Entre temps, certaines des nouvelles entreprises ferroviaires privatisées ont changé de mains pour des montants bien plus élevés que ce que les acheteurs avaient payé à l'Etat. Il était clair que les contribuables s'étaient fait rouler. Dans un cas, une entreprise de matériel roulant a été vendue pour £536 millions, soit avec un bénéfice de £300 millions.

La sous-évaluation a été une des caractéristiques habituelles des privatisations britanniques. Pour ne citer qu'un exemple, le prix de l'action de British Telecom était monté de 80 % durant la première semaine. Mais les partisans de la privatisation argumentaient qu'il fallait des incitations pour garantir les avantages de la privatisation. Ils prétendaient que les investissements privés renouvelleraient l'infrastructure tout en déchargeant progressivement les contribuables. Bien que les subventions fussent initialement accrues après la privatisation, elles étaient censées décroître avec le temps. La fiabilité et le service aux clients allaient profiter de l'efficacité et de l'esprit d'entreprise de managers orientés vers le commerce et l'Etat recevrait un retour direct sur investissement au travers de l'impôt sur les bénéfices des entreprises.

Il est vrai qu'il y a eu quelques améliorations depuis la privatisation, en particulier la mise en service de nouveaux trains de passagers qui remplacent progressivement le vieux matériel roulant. Néanmoins ce processus était déjà en cours avant la privatisation, quoique lentement, et aurait pu être accéléré par ce qui était alors encore British Rail, si cette dernière avait reçu autant de subventions que les TOC privées en ont reçues depuis. Une autre amélioration, paradoxale dans ce contexte de fragmentation, a été la création d'un service national de renseignement du chemin de fer. Bien que manquant de personnel au début, ce service national de renseignement du chemin de fer a accru ses capacités après que l'autorité de régulation, Ofrail, lui eut infligé des amendes pour n'être pas parvenu à atteindre les objectifs de nombre d'appels traités qu'elle lui avait fixés. Aujourd'hui, ce service est fier d'être le numéro le plus appelé de la Grande-Bretagne.
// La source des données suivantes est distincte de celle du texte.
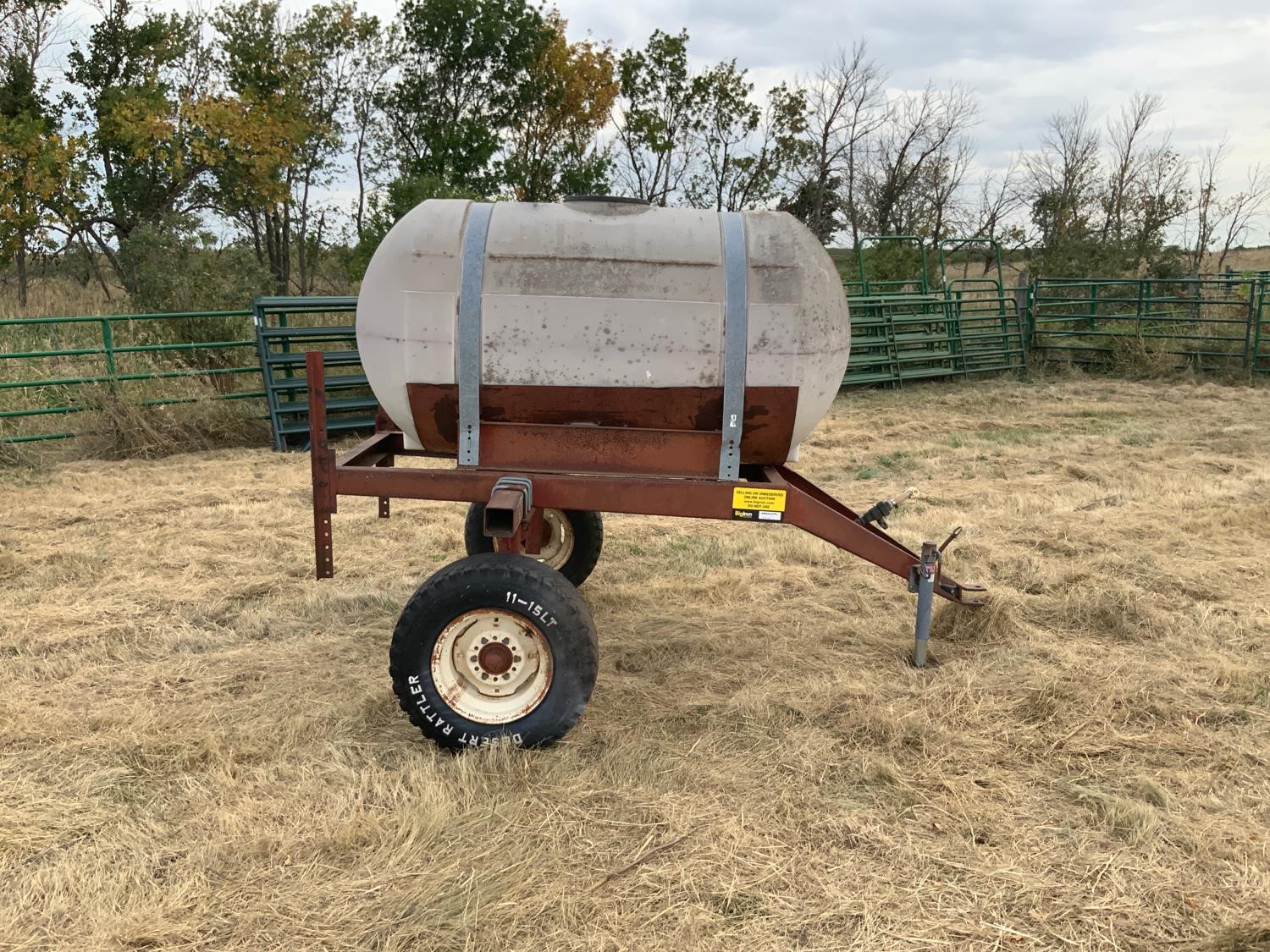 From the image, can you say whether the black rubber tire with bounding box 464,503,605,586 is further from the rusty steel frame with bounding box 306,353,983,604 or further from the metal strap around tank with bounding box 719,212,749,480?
the metal strap around tank with bounding box 719,212,749,480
C'est également à l'efficacité de la régulation par Ofrail qu'on doit la modération des augmentations de tarifs qui a, à son tour, contribué au plus grand succès revendiqué par la privatisation: l'augmentation du nombre d'usagers. Les voyages de passagers ont augmenté de 25 % et le trafic de marchandises de 40 %. La grande ironie, c'est que les cerveaux de la privatisation n'avaient prévu aucune augmentation. Elle est la conséquence de la congestion croissante des routes britanniques et de la hausse rapide des prix du carburant, qui se sont combinés avec la croissance économique de la région de Londres, lieu de l'essentiel de l'augmentation de la demande du rail.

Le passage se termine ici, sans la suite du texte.